“he caught the old goat …”

Diplomatic scandals involving sex were not unusual in the eighteenth century, nor are they now. Sally McKean had a bit of gossip to tell her friend Dolley Madison in Virginia, concerning an enraged husband and a member of the Spanish delegation to the United States.

[Philadelphia] 4th August -97I cannot seal this without giving you a little anecdote of [José Ignacio de] Viar, which I have just heard … he has been making love to the wife of a servant … a remarkable pretty woman, but no great things in point of character, the husband lives at service. He came home a few days ago to see her—it was twelve o’clock at noon—and behold—verily, he caught the old goat, with his wife, and in not the most decent situation—so the fellow very politely took him by the nose and saluted him with kiks till the corner of the next Street. He is going to make him pay a devilish large sum of money, or else he says he will prosecute him, it has made a confounded noise … in fact all the town knows it.

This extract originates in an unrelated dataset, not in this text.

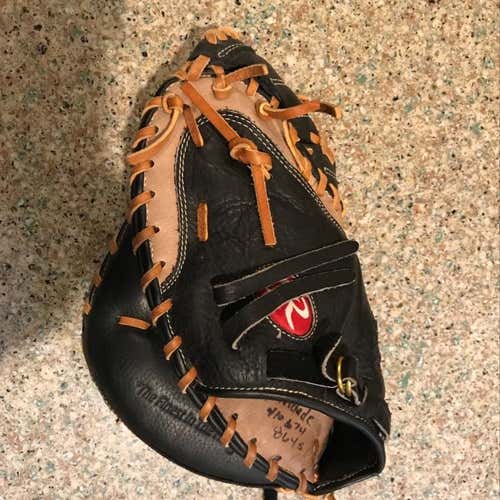 Lefty Catchers Mitt- Barely Used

This excerpt is from In the Words of Women, Chapter 7, page 193.

posted May 14th, 2012 by Janet, Comments Off on “he caught the old goat …”, CATEGORIES: Madison, Dolley, Philadelphia, Scandal

“whole families dying, and no one to nurse the last”

Following on yesterday’s post, the yellow fever epidemic in Philadelphia (1793) was cause for concern in other parts of the country. Isabella Graham, writing from New York, gave a heartrending description of the situation in that stricken city to a friend.

A pestilential fever made its appearance in Philadelphia about two months ago. Between the 19th of August and the 5th of October, four thousand and sixty-four of its citizens died, besides many who quitted the city with infection on them, and died elsewhere. By yesterday’s accounts matters are no better: several of the physicians have been carried off by it, and some of them have fled. Doctor [Benjamin] Rush’s praise is in every mouth; he is still in the city, exerting himself to the utmost, and his prescriptions are universally followed. No neighbouring town will suffer any person to enter their gates till they have been fourteen days out of the city. The stages have been stopped, and even the horses shot, in some cases, where they have been bribed to force their way through. The most dismal stories have been related of whole families dying, and no one to nurse the last. It is not uncommon for people to be well, and in their graves in twelve hours. No friends attend the funerals; most of them are buried in the night, and every precaution taken to conceal the real amount of evil.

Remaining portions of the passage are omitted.